Meanwhile, the Sports Gambling Authority, known as Toto, through which thousands gamble every week on results in the local soccer, basketball and other sporting events, earned NIS 2.6 billion (A$950 million) in 2014.

The opponents of Netanyahu's initiative lost no time making their feelings public, once it became known he had assigned officials to develop a plan for legalised gambling in Eilat.

These opponents came mostly from within Netanyahu's conservative coalition, yet different factions offered very different arguments against it.
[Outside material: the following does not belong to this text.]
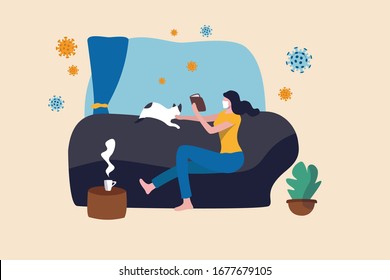 Social Distancing, stay home in COVID-19 coronavirus outbreak, stay in the house to prevent virus infection, happy woman stay calm reading book playing with cat in her home, virus pathogens outside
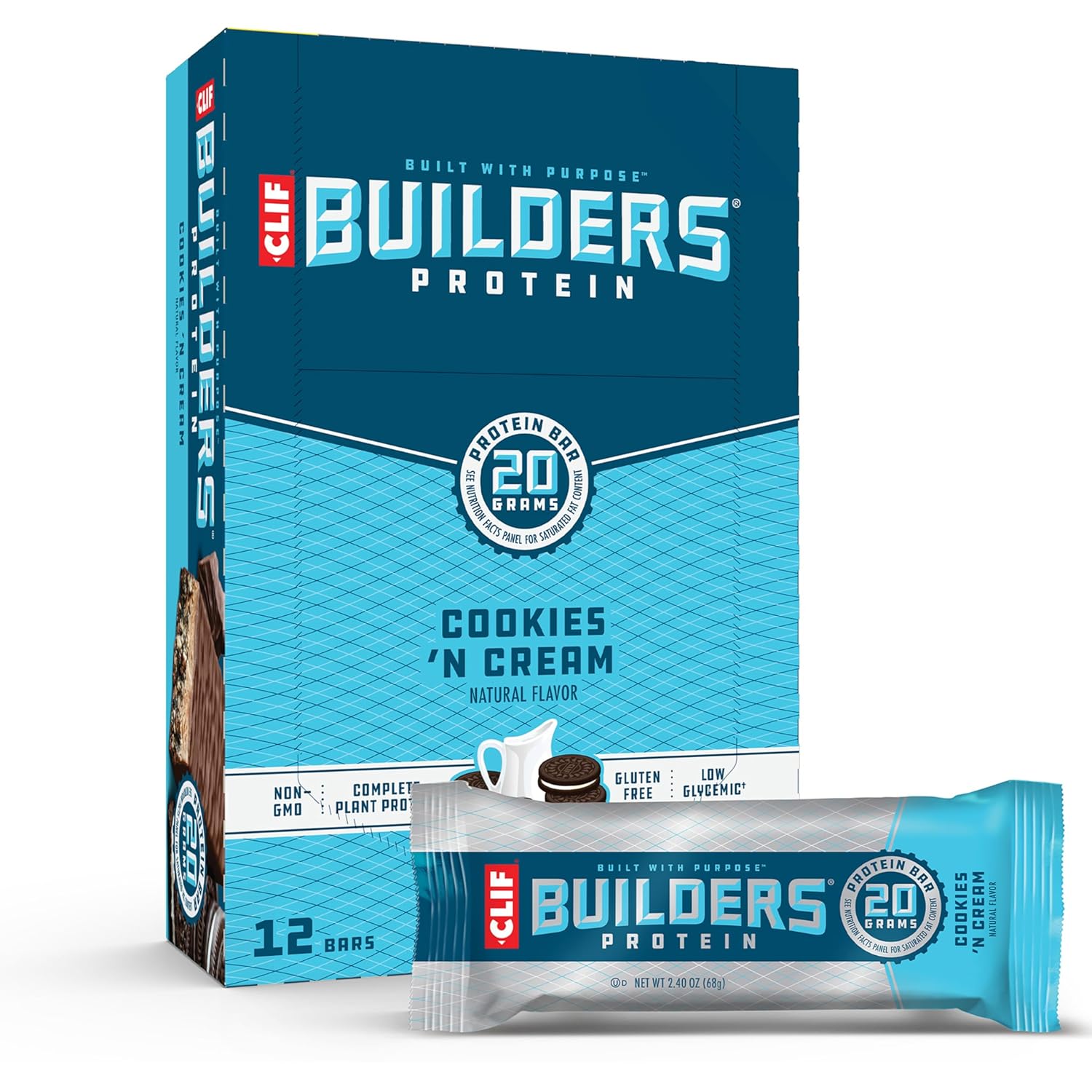 Plant Based Protein Bars - Cookies 'n Cream Flavor - Gluten Free - Non-GMO - Low Glycemic - 20g Protein - 2.4 oz. (12 Count)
For the ultra-Orthodox United Torah Judaism, gambling is anathema due to the way it is seen by ancient Jewish law, which, as early as the second century CE, ruled that "he who plays with the dice" is disqualified from testifying in court.

Modern-Orthodox Education Minister Naphtali Bennet, whose Jewish Home party is courting a mixture of religious and secular voters, avoided the religious argument, but said instead that gambling is immoral since it deludes people into a belief that their livelihood can be earned through chance rather than effort.
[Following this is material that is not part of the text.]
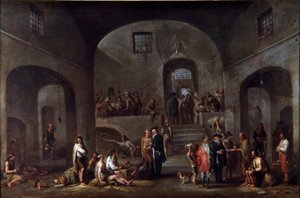 De syv verkene til korporal misericorde: "" fangenes besøk"" Maleri av Cornelis De Wael (1592-1667) (ec.flam) Gener, samling Banco di Chiavari av Cornelis de Wael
And Interior Minister Arye Deri, who heads the Shas party representing a mainly working class electorate of Middle Eastern origins, said legalised gambling would hurt the poor. "It will destroy the weak and benefit several tycoons," he said.

All three parties vowed to flatly oppose the passage of the bill that Netanyahu is reportedly preparing. So have some in the opposition. "Gambling brings crime and economically breaks up the gamblers and their families," said Labor faction chair Merav Michaeli.
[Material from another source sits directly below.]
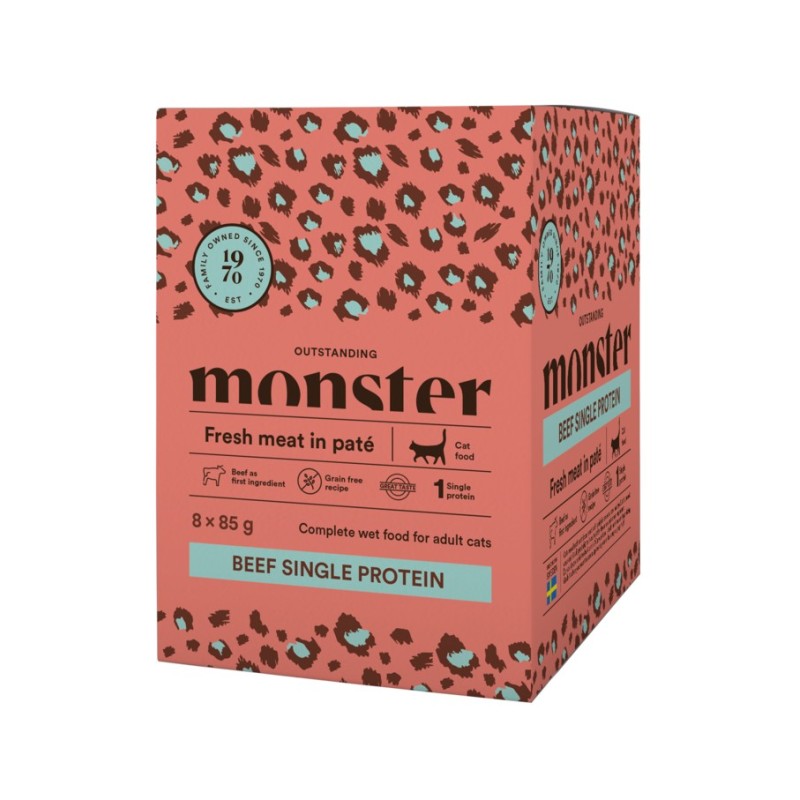 Monster Pouches Adult Single Protein Beef 85g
Arab lawmakers are also expected to oppose legalised gambling - some relying on the social arguments that their Jewish peers cited, and some also because it is reviled by Islamic religious sources.

Netanyahu and his Tourism Minister obviously understand that, when added up, all this opposition looks too strong for them to defeat. Their strategy, therefore, is to propose legislation that will seek to severely restrict any gambling - not only geographically, but also socially.

One proposal says that entry to casinos would be allowed only to those displaying a foreign passport. Other thoughts being canvassed include to impose a high minimum age of entry, to charge Israelis an entrance fee, and to ban the entry of welfare recipients.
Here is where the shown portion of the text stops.